## RECORDS SHOWN:
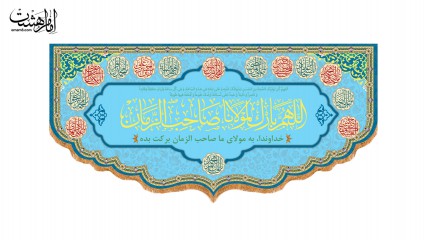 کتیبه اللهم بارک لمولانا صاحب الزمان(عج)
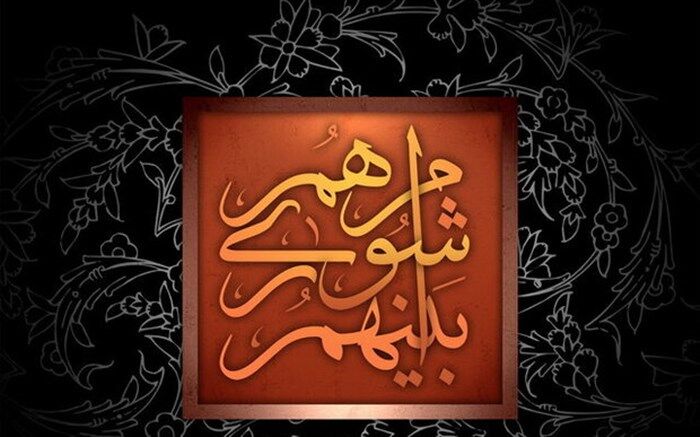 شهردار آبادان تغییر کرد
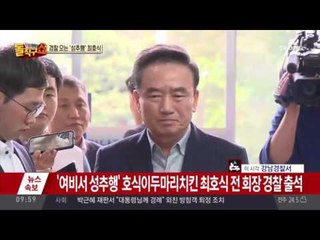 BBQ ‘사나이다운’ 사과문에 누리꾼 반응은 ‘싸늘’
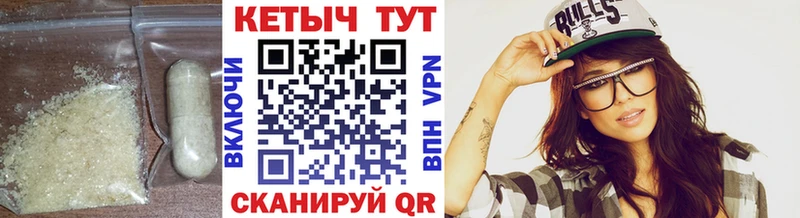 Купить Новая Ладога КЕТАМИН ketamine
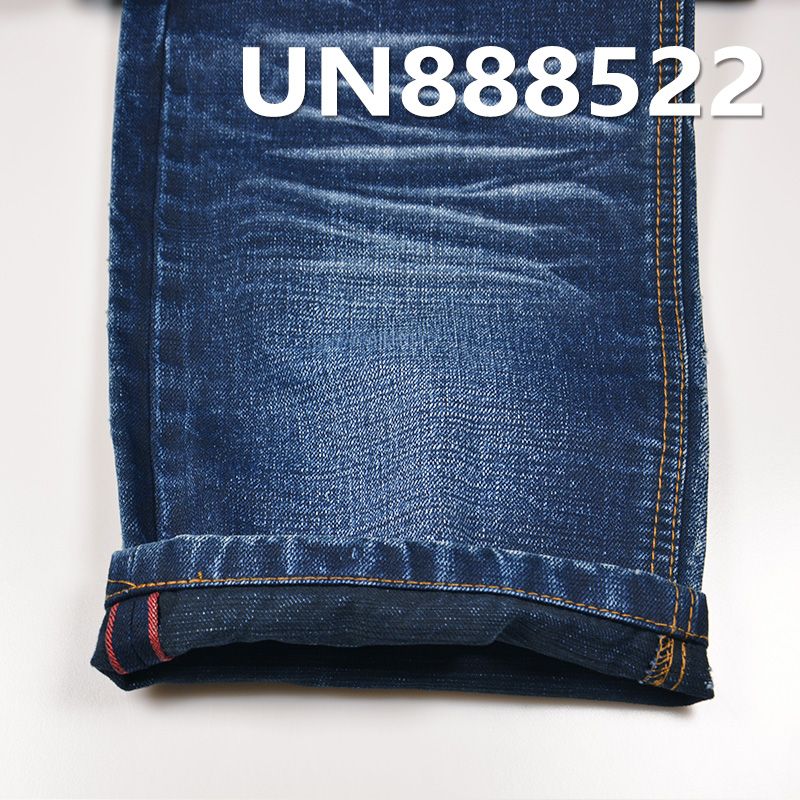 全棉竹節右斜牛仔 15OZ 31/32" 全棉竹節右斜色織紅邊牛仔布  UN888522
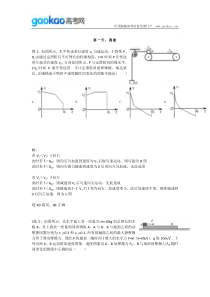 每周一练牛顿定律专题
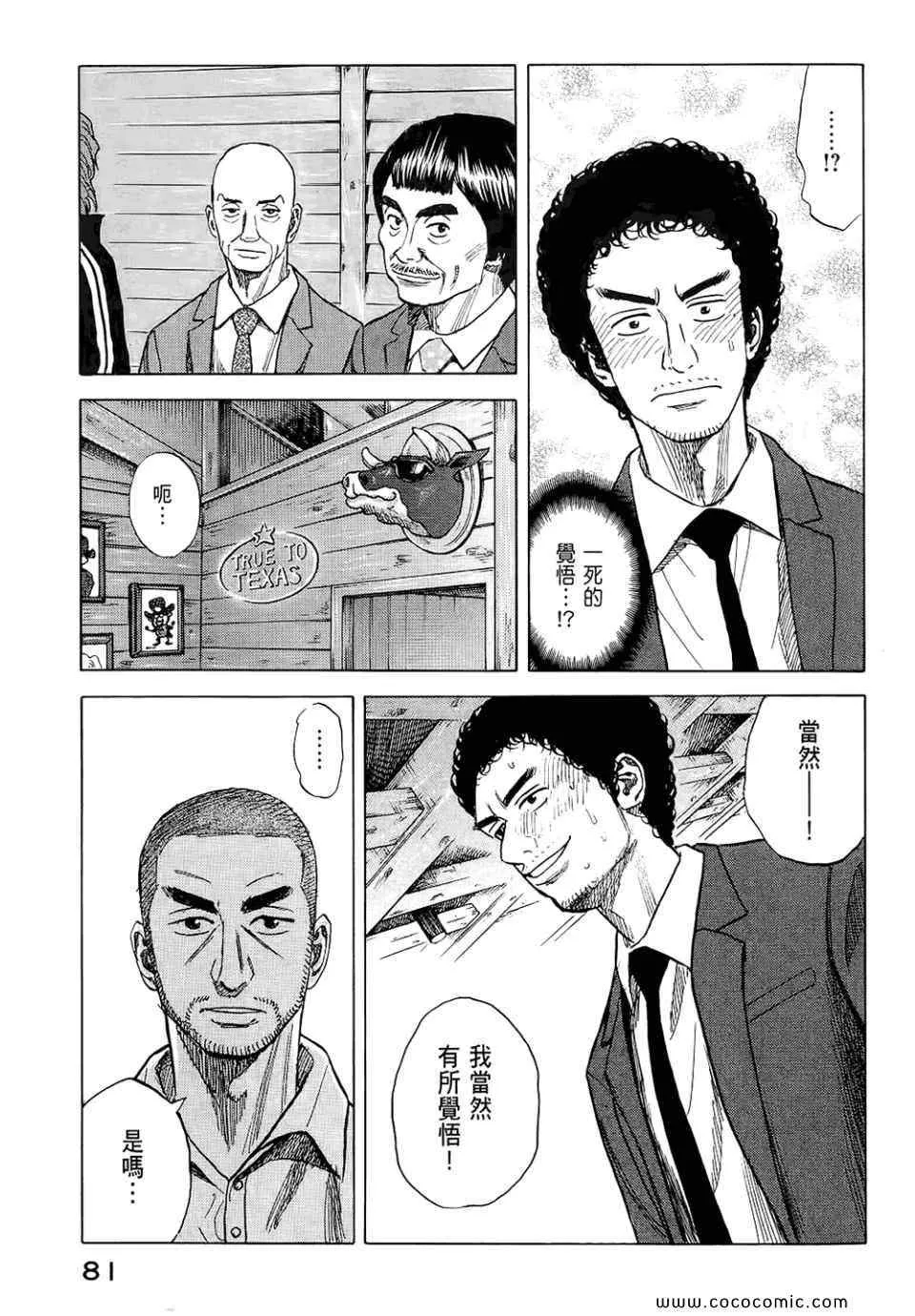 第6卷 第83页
==
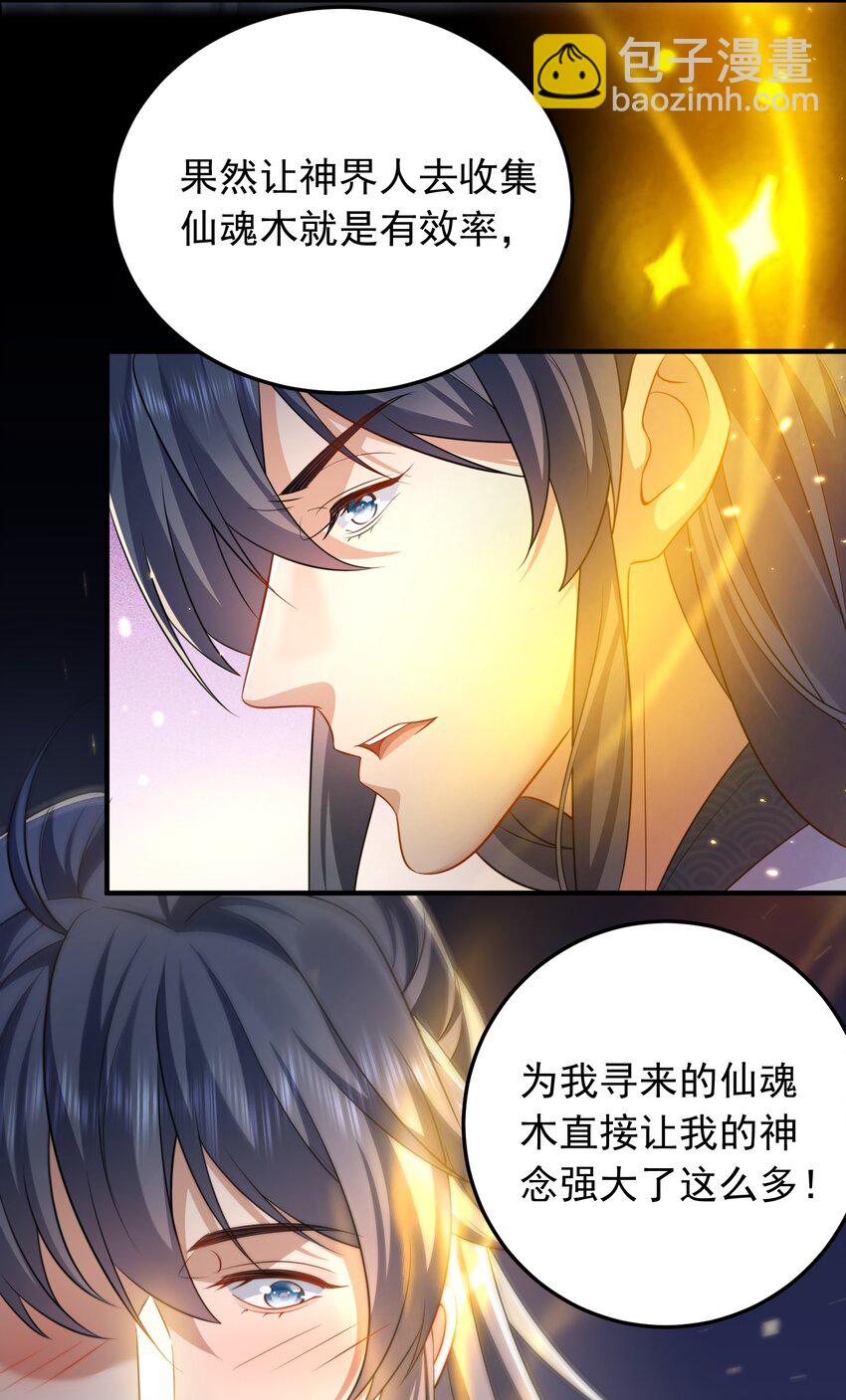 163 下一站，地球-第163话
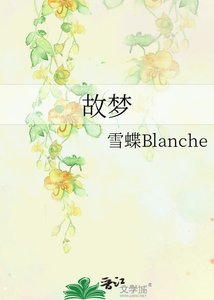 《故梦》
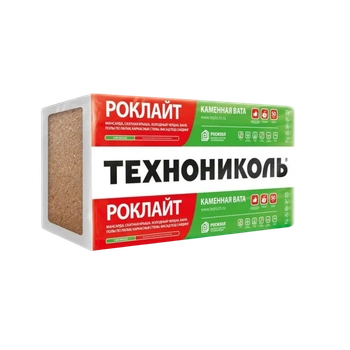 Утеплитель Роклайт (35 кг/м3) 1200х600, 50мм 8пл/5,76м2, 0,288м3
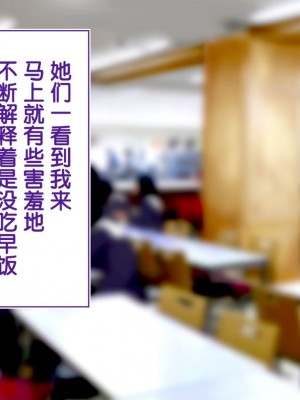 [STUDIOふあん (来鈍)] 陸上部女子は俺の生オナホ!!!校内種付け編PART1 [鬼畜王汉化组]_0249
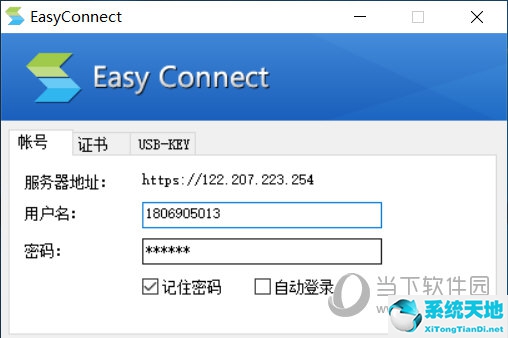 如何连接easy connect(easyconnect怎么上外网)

## WORK TO BE COMPLETED:
Retype only the lines above from the one with "163 下一站，地球-第163话" through the one with "如何连接easy connect(easyconnect怎么上外网)", exactly and with both ends. Images stay out.

## YOUR SOLUTION:
 163 下一站，地球-第163话
 《故梦》
 Утеплитель Роклайт (35 кг/м3) 1200х600, 50мм 8пл/5,76м2, 0,288м3
 [STUDIOふあん (来鈍)] 陸上部女子は俺の生オナホ!!!校内種付け編PART1 [鬼畜王汉化组]_0249
 如何连接easy connect(easyconnect怎么上外网)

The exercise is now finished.